**YOUR GOAL:** The line containing "High Waist Profile" marks the start. Restate it and every following line through the end of the records exactly, and nothing else, leaving out the pictures.

§ §

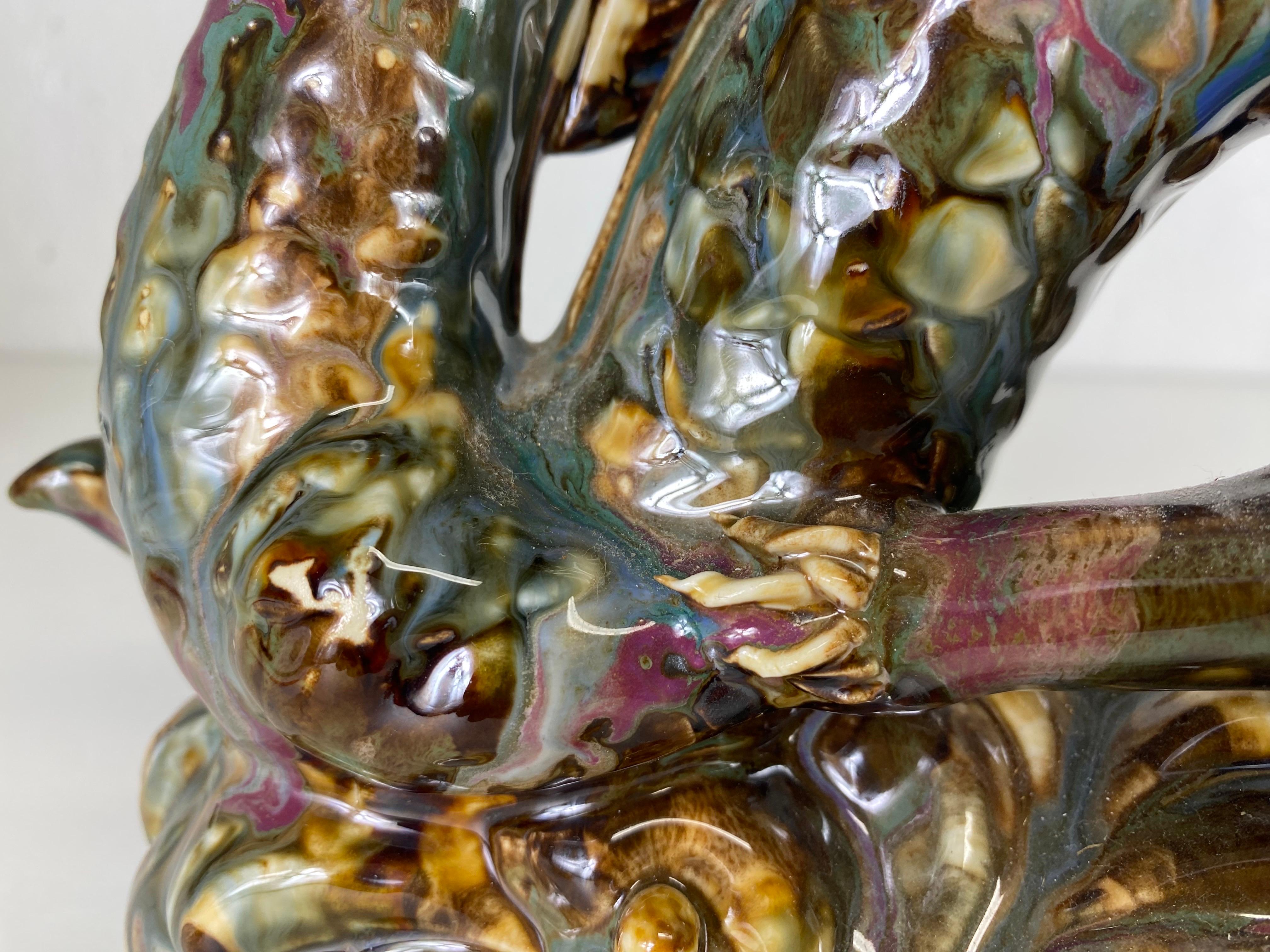 Chinese Export Magnificent mid-century vintage pair of majolica pottery dragons For Sale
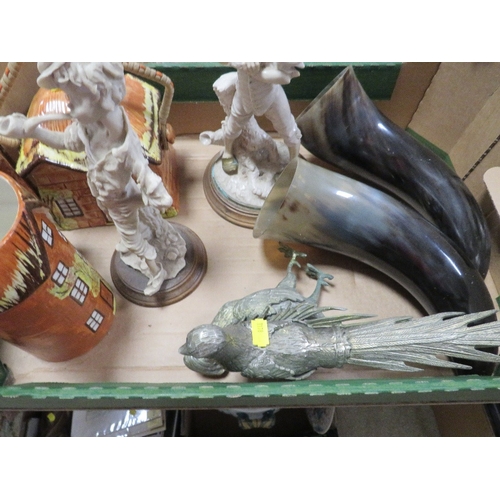 159 - Two trays of ceramics and collectables to include a pair of table pheasants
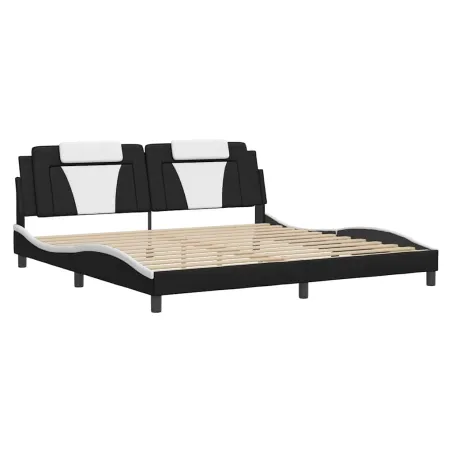 Cadre de lit Viana sans matelas noir et blanc 200x200 cm similicuir
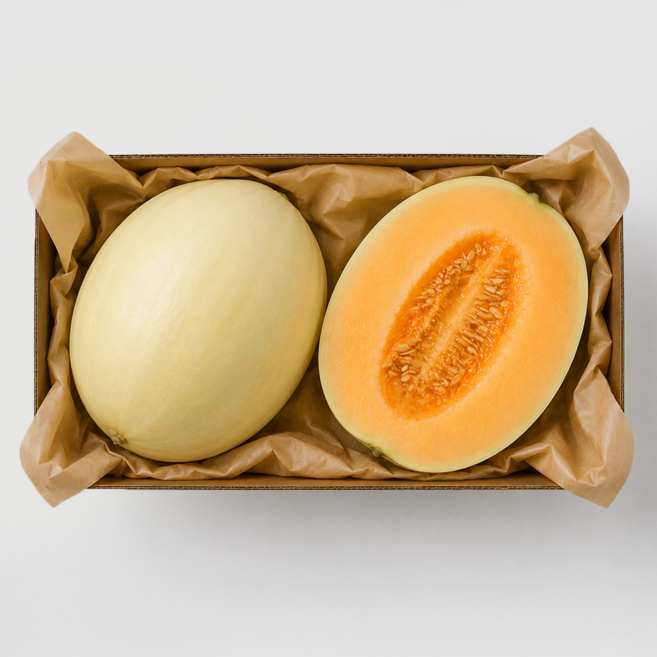 [엘로아시스] 초고당도 당도보장 솜사탕 메론, 1개, 2입 (3.2kg 내외)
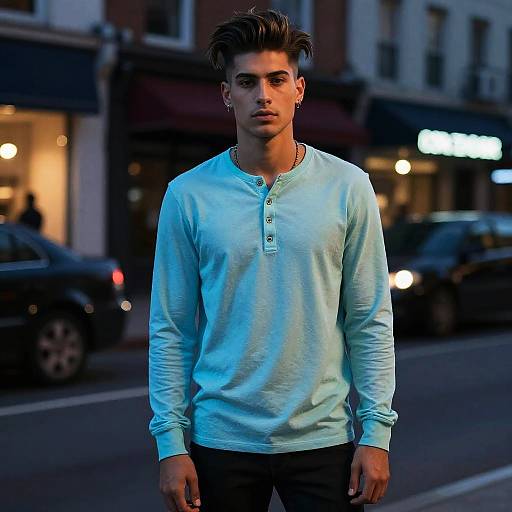 Urban Male Fashion Model with Mullet Hairstyle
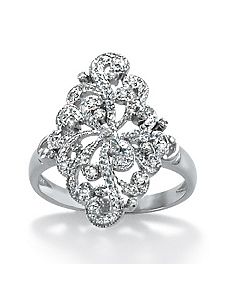 Diamond Openwork Filigree Ring by PalmBeach Jewelry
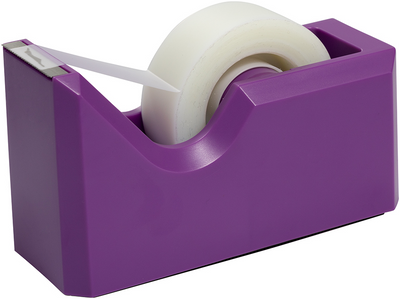 Purple Stapler and Tape Dispenser Desk Set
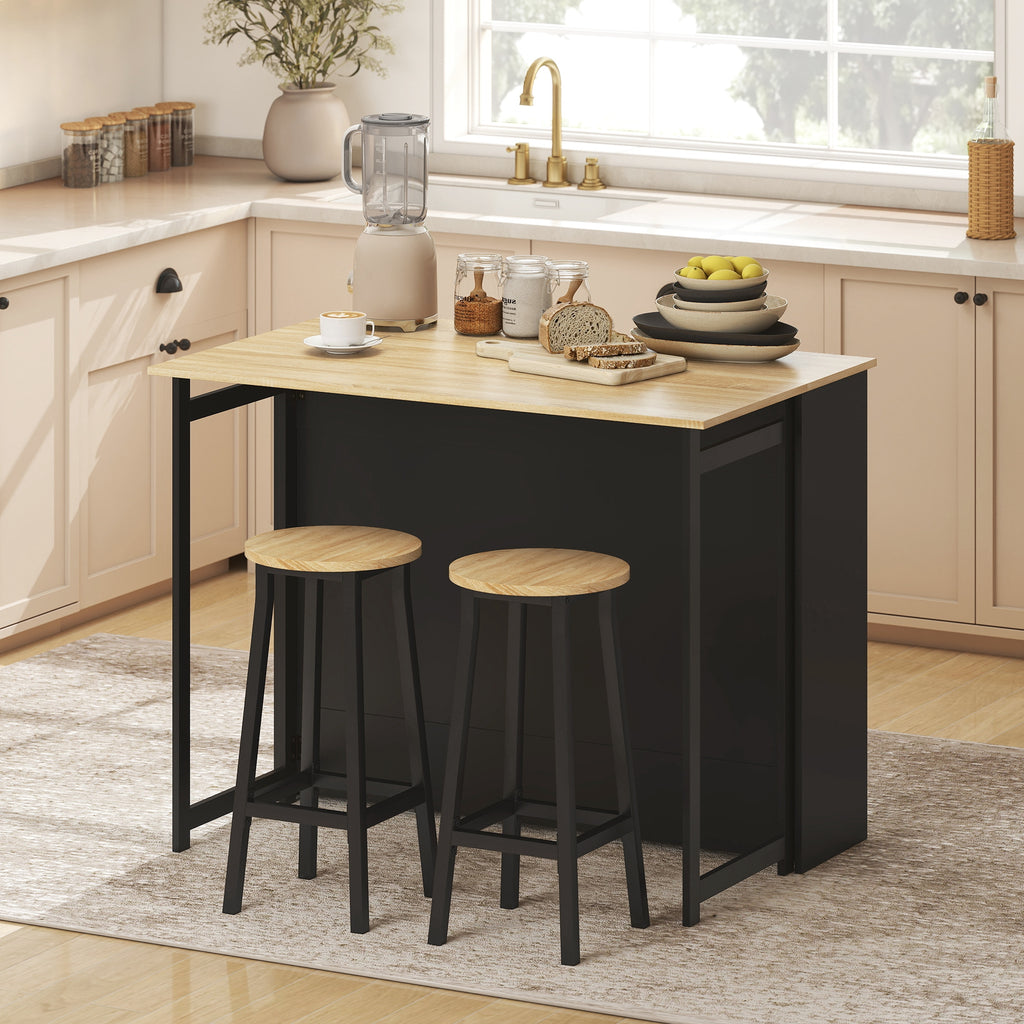 Table de bar extensible avec abattant, table haute cuisine, 1 placard et 4 compartiments ouverts, 116x79,6x90,5cm, noir-9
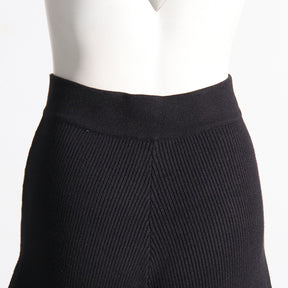 High Waist Profile Knitted Long Solid Color Women's Flab Hiding Street Hipster Pants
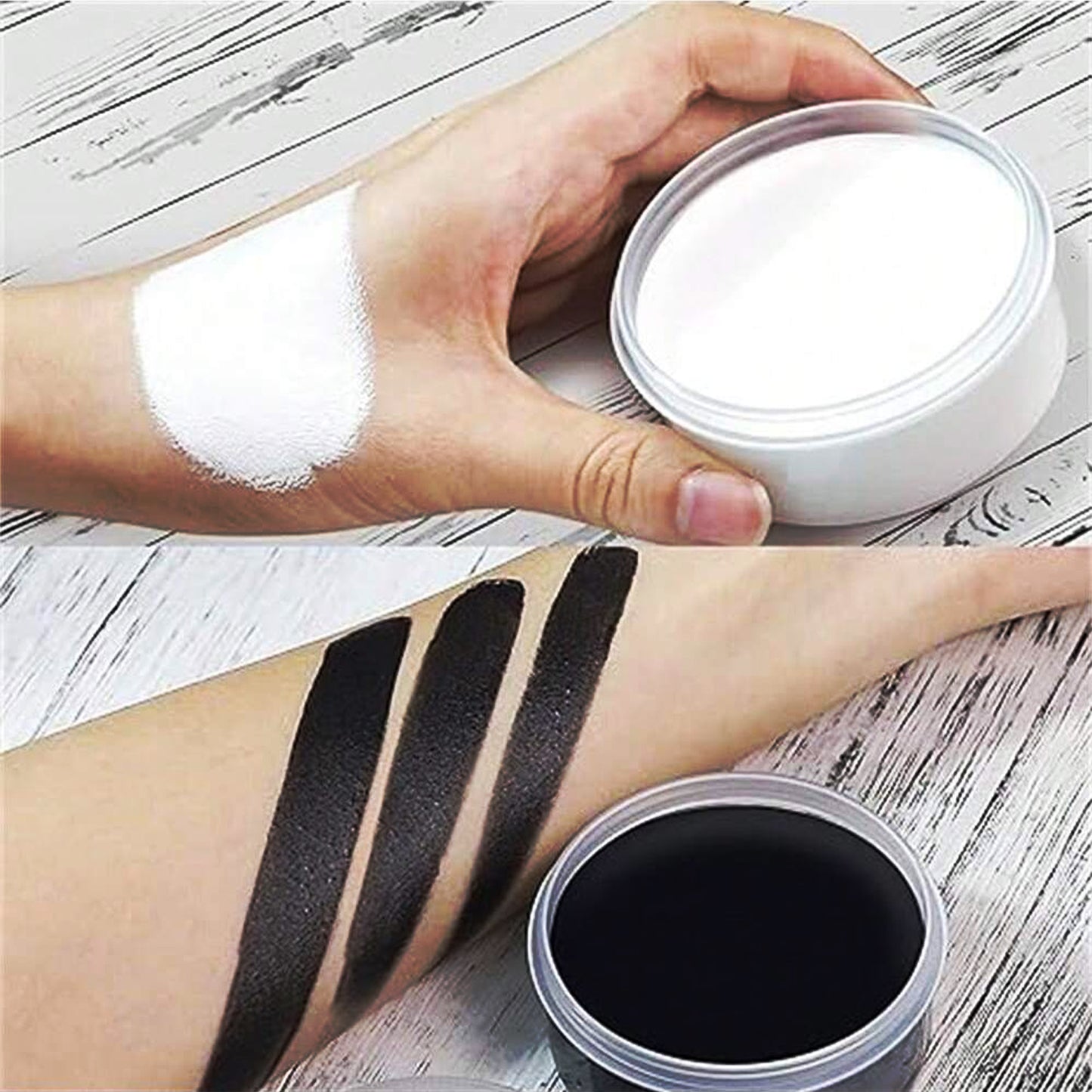 Black White Oil Paint Face Body Painting Kit Large Capacity Makeup For Halloween Theater Role Play  1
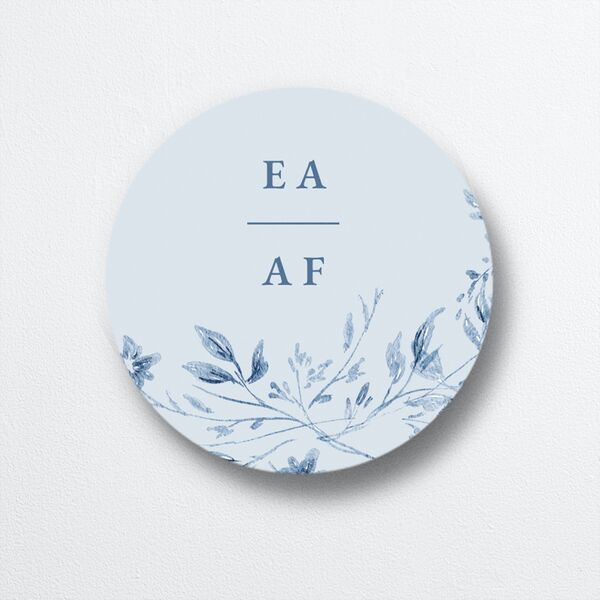 Timeless Floral Foil Wedding Stickers Dusty Blue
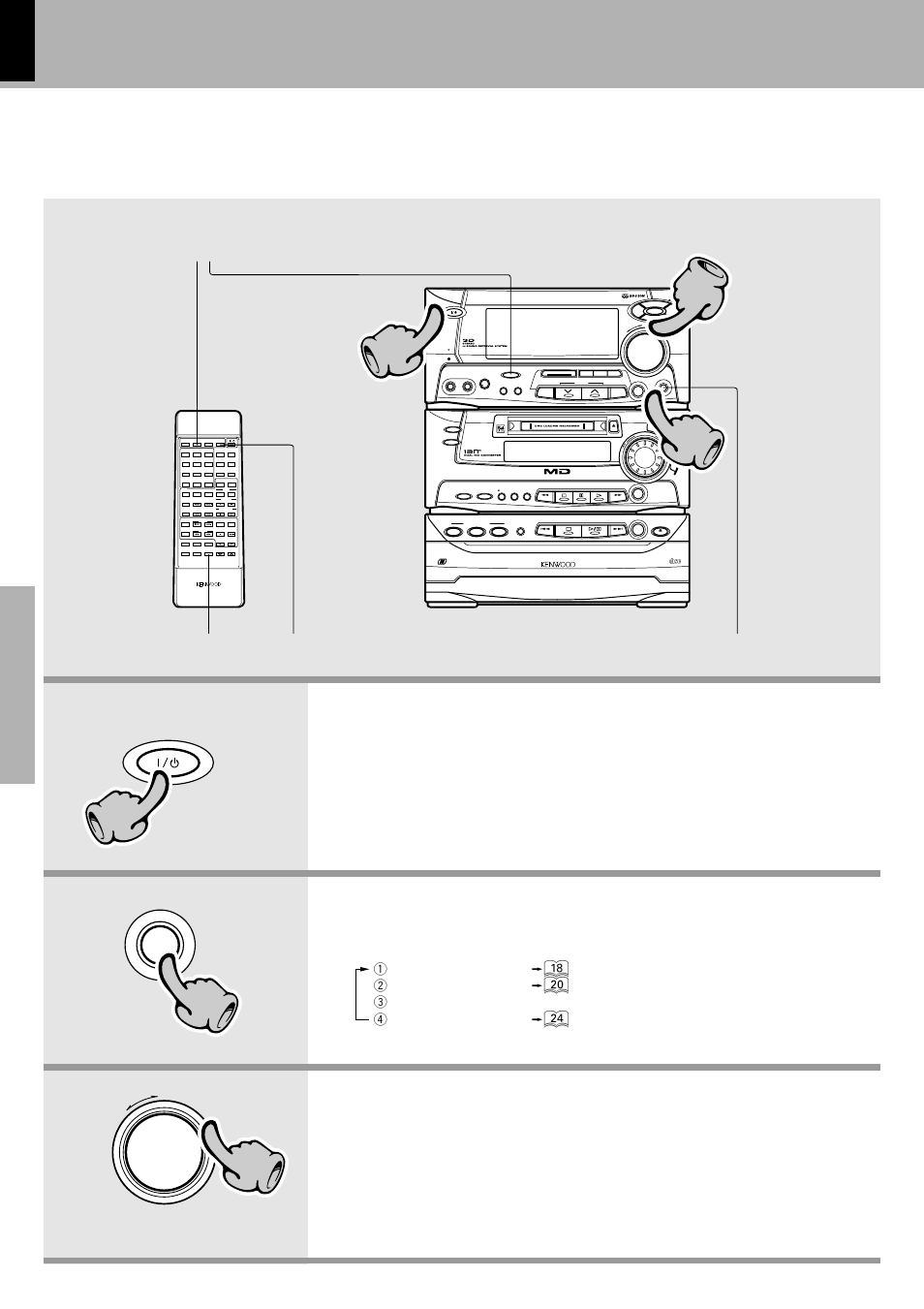 Basic use method, Set the on/standby key to on (standby), Volume adjustment | Selecting the desired output, Let's put out some sound, 2 md, 3 aux (tape etc.) 4 broadcasts, Digital audio compact, Ch aracter, Min. max | Kenwood XD-980MD User Manual | Page 16 / 80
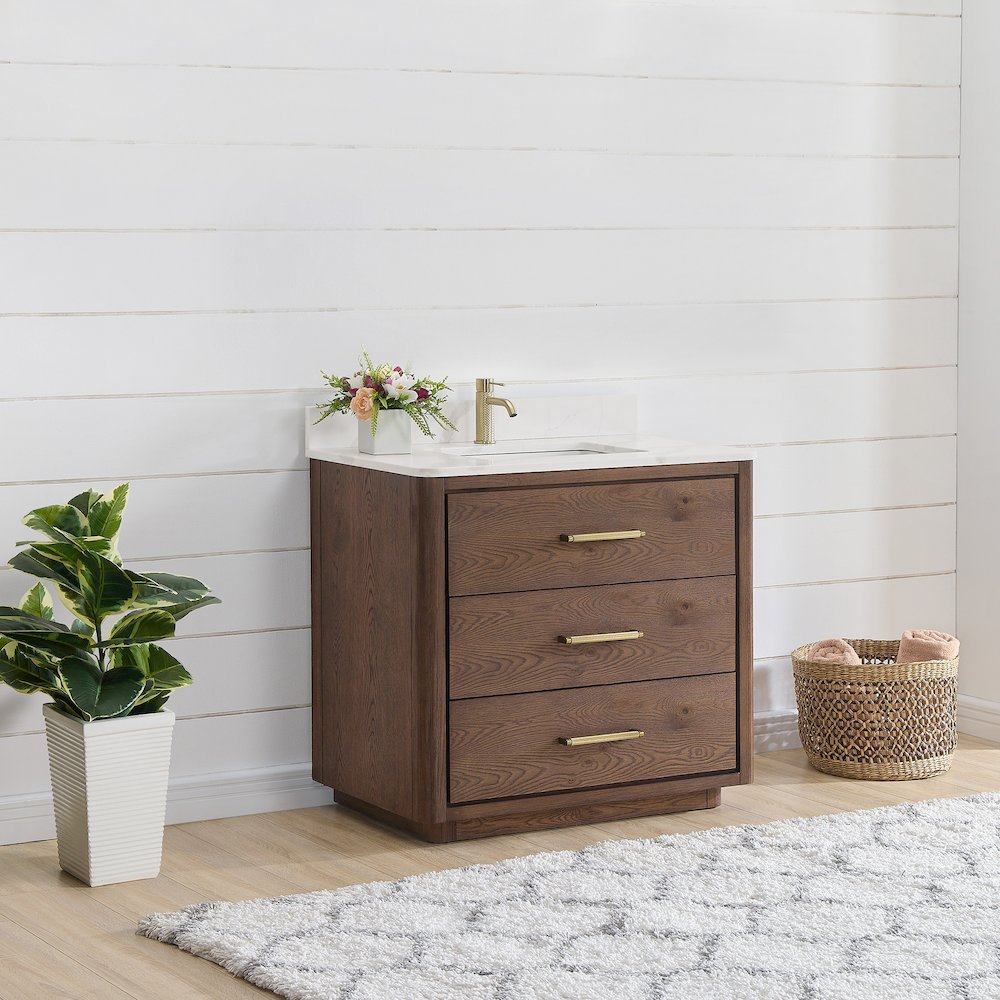 Porto 36" Free-standing Single Bath Vanity in Aged Dark Brown Oak. Picture 13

§ §

**ANSWER SECTION:**
 High Waist Profile Knitted Long Solid Color Women's Flab Hiding Street Hipster Pants
 Black White Oil Paint Face Body Painting Kit Large Capacity Makeup For Halloween Theater Role Play  1
 Timeless Floral Foil Wedding Stickers Dusty Blue
 Basic use method, Set the on/standby key to on (standby), Volume adjustment | Selecting the desired output, Let's put out some sound, 2 md, 3 aux (tape etc.) 4 broadcasts, Digital audio compact, Ch aracter, Min. max | Kenwood XD-980MD User Manual | Page 16 / 80
 Porto 36" Free-standing Single Bath Vanity in Aged Dark Brown Oak. Picture 13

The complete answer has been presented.